By Peter Frankl.
We’ve had two recent reminders that for all the benefits it has to offer, an ASX listing for professional services firm can’t seem to change their fundamental nature.
The main benefit of an ASX listing is arguably access to capital. The typical state of affairs of professional services firms and law firms in particular is being cash starved. Funds have a natural gravitation towards partners’ personal bank accounts rather than long term strategic investments in the business.
When a firm has the sudden pleasant shock of having a lot of funds at its disposal, thanks to shareholder investors, it often does not resolve typical problems but amplifies them. Here are two recent examples:
Xenith IP listed on the ASX in November 2015. Its first six month earnings report to December 2015 was extraordinarily good. It was so good that there was a feeling that it would be hard to top by other listed companies in the legal sector and hard to top by Xenith itself. Xenith had profitability but it didn’t have size. So it fixed that.
After a number of acquisitions it scored the big one, acquiring Griffith Hack, a firm which was close to 1.5 times the size of Xenith. This acquisition was announced in April 2016. Then this announcement in October 2017:
Financial performance in Q1 FY18 has fallen short of expectations at both the revenue and EBITDA line. The under-performance is largely within Griffith Hack, and is influenced by several factors:
· the disruption of the transaction and the need to bed down new practice group structures and reporting lines;
· the need to rebalance current capacity against current and anticipated workflows; and
· foreign exchange headwinds (across the board).

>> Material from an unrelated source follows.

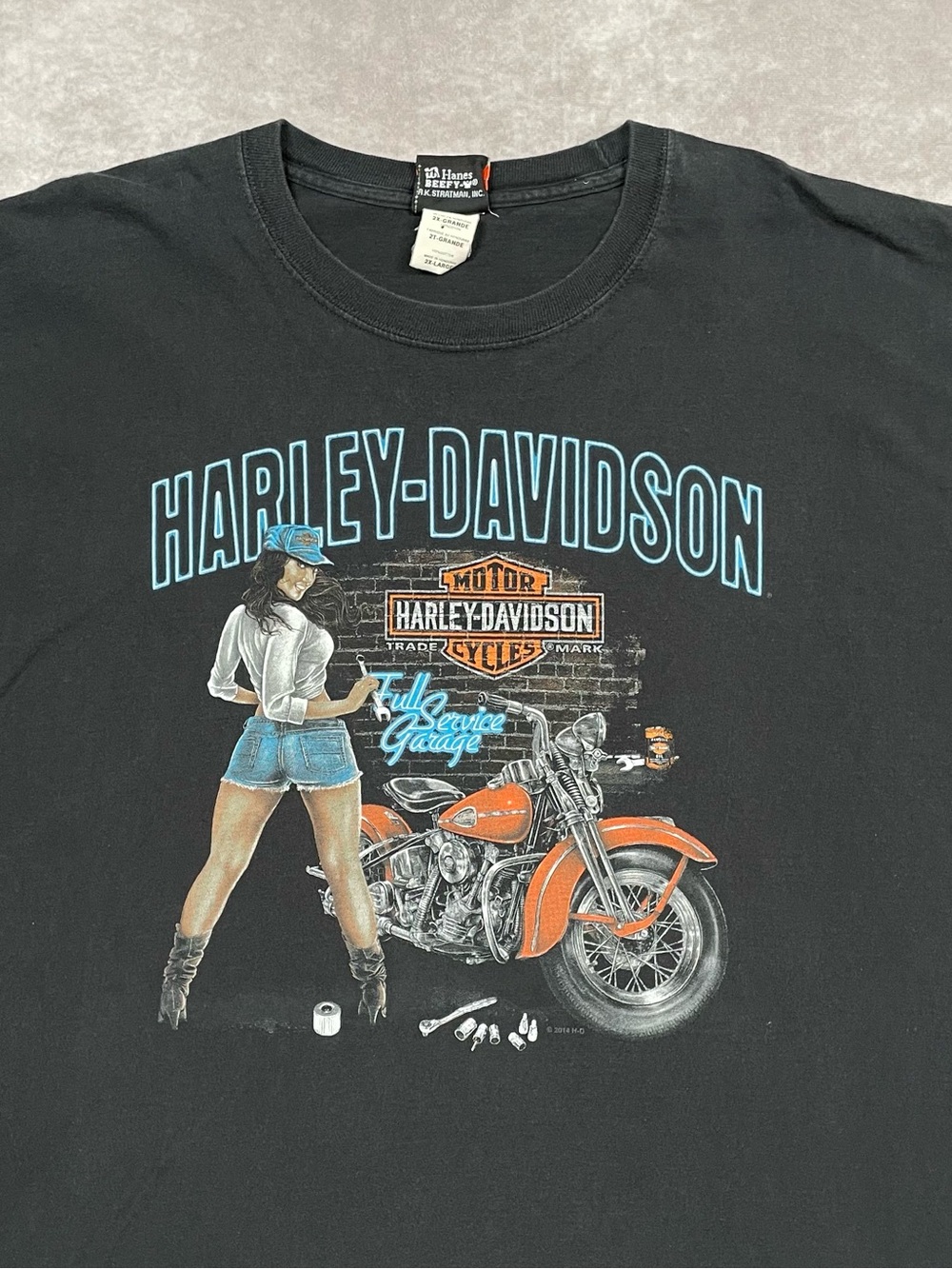 Harley Davidson T-Shirt Adult 2XL Black Pin Up Girl Doll Biker Motorcycles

We expect to see an improvement in results throughout the remainder of the year as the acquisition is further bedded down, but do not expect to recover this one-off shortfall in the 2018 full year results.
Xenith IP’s CEO Craig Dower added:
We are in the midst of implementing a number of business improvement initiatives across Griffith Hack and the group as a whole, which will drive performance improvement across the Company. We are also making continued progress on the integration project and we will have a more detailed update on that plan for the half-year results presentation in February 2018.
McGrath is an ASX listed real estate services business. Although it is not a law firm, it has one important feature in common: its success relies on talented people performing direct services for clients, i.e. professional services. The company has had a tough first four months of 2017/18. It attributes this to “several factors” but “largely in Company Owned Sales”. Income from its independent franchisees is holding up but its own real estate agency is struggling:
McGrath has completed the first four months of trading for FY18 and the Company’s financial performance has fallen short of expectations at both the revenue and EBITDA levels. The underperformance is largely in Company Owned Sales …
In January 2017 McGrath announced that it had experienced a net departure of 36 sales agents from its company owned offices. Some of these were key rainmakers. They didn’t retire from the real estate industry. They went into competition with their old firm.
An ASX listing might even encourage the loss of rainmakers because the loyalty ties to the founder are broken when the ownership is transformed into a public company.
Thus we have more evidence that a public listing does not change the fundamentals of professional services firms but rather amplifies them.